Stored dataset items:

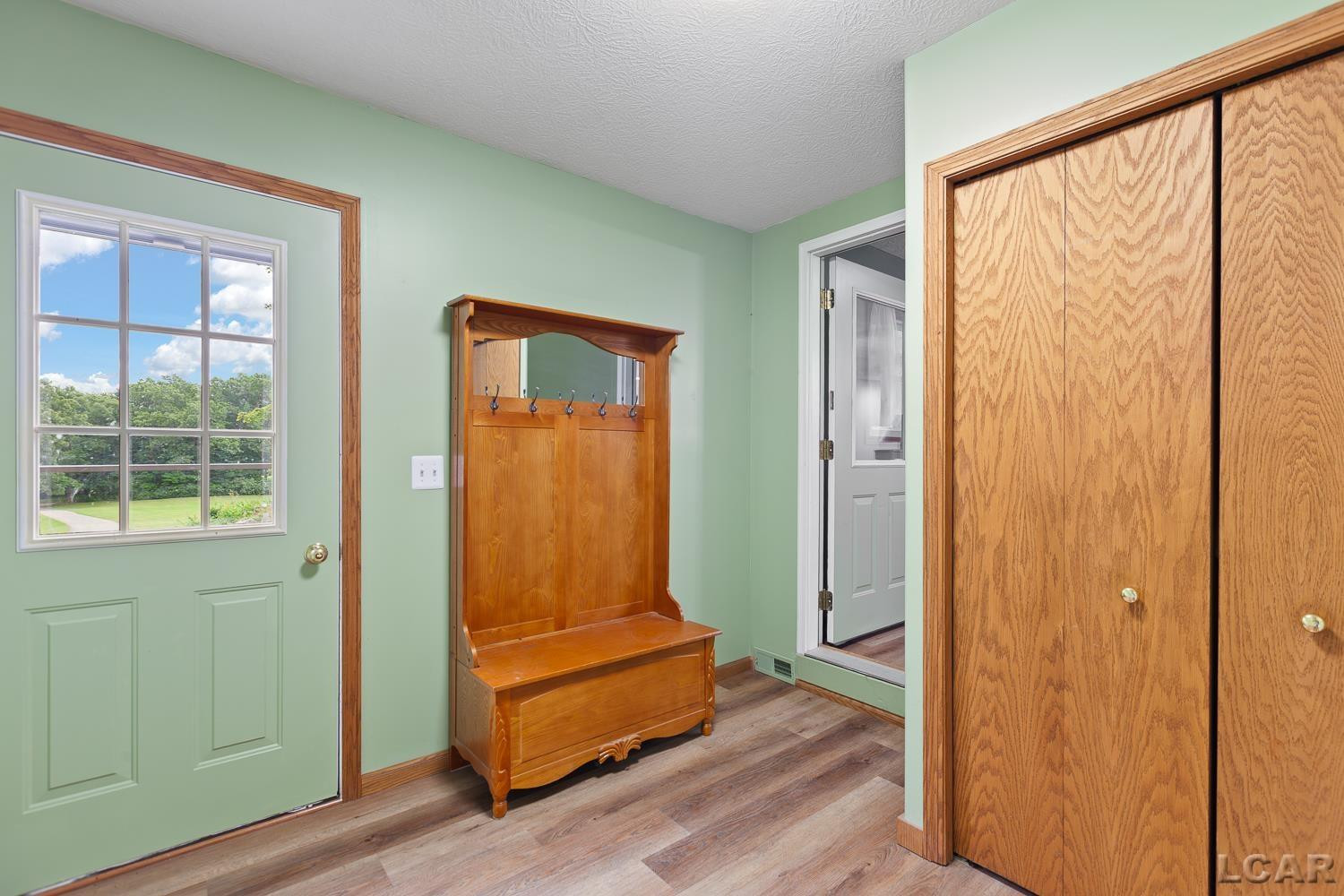 2010 S Kane Road, Stockbridge, MI 49285 — Photo 42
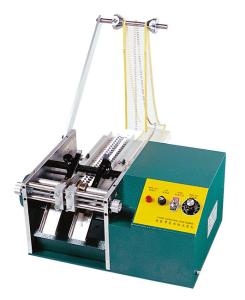 China Auto Component Lead Forming Machine Loose Taped Axial Lead Forming Equipment factory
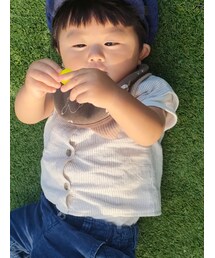 devirock | ベスト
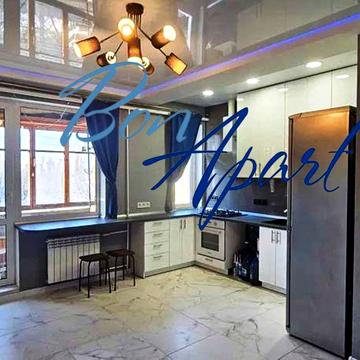 Ушинського вул., 9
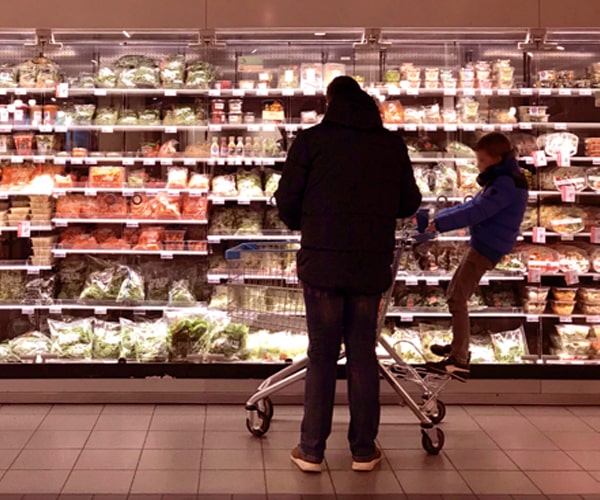 Grocery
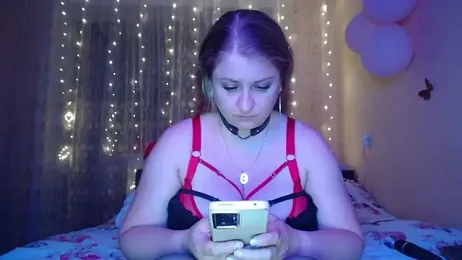 CumCpl — Stripchat recorded stream image, 30.05.2026 16:20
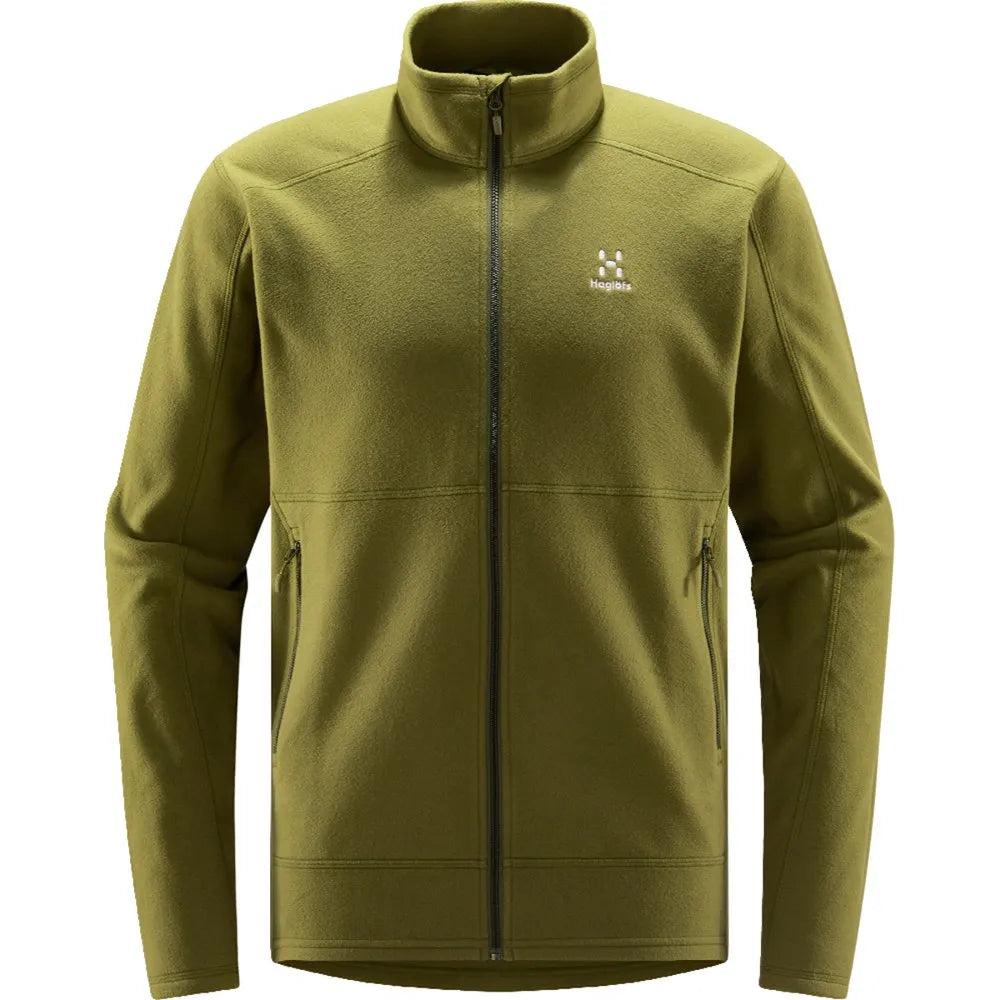 Haglöfs Buteo Mid jacket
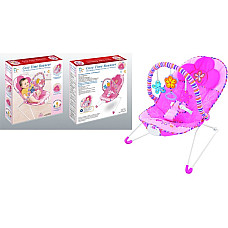 Качалка для детей (отремонтированны..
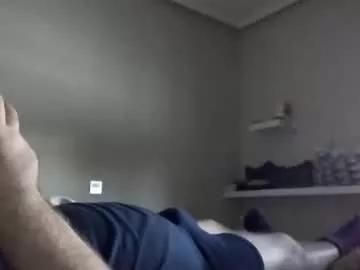 vikingo3333893888 from Chaturbate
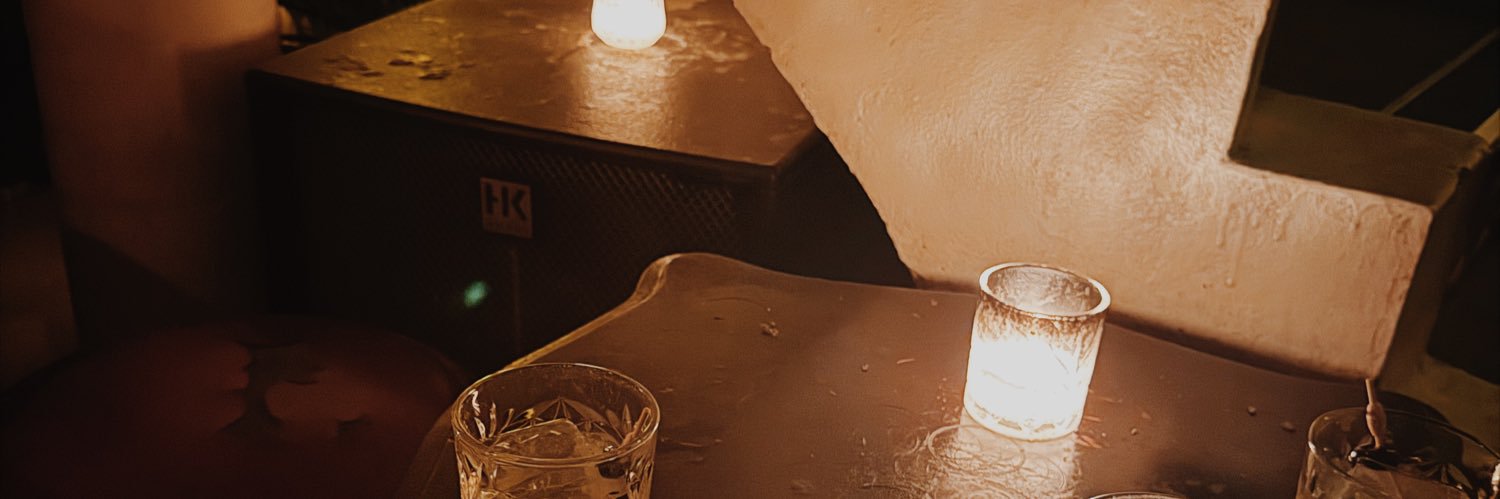 shitzuloverr07's profile banner image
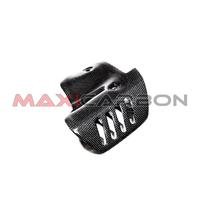Paracalore est Termignoni carbonio 848-1098-1198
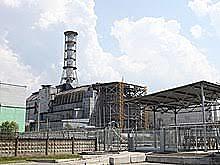 Chernobil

Problem requirements: The lines from the start of the records above through the line that holds "vikingo3333893888 from Chaturbate" are to be copied exactly, both ends included, and no pictures are to be copied.

Final answer:
 2010 S Kane Road, Stockbridge, MI 49285 — Photo 42
 China Auto Component Lead Forming Machine Loose Taped Axial Lead Forming Equipment factory
 devirock | ベスト
 Ушинського вул., 9
 Grocery
 CumCpl — Stripchat recorded stream image, 30.05.2026 16:20
 Haglöfs Buteo Mid jacket
 Качалка для детей (отремонтированны..
 vikingo3333893888 from Chaturbate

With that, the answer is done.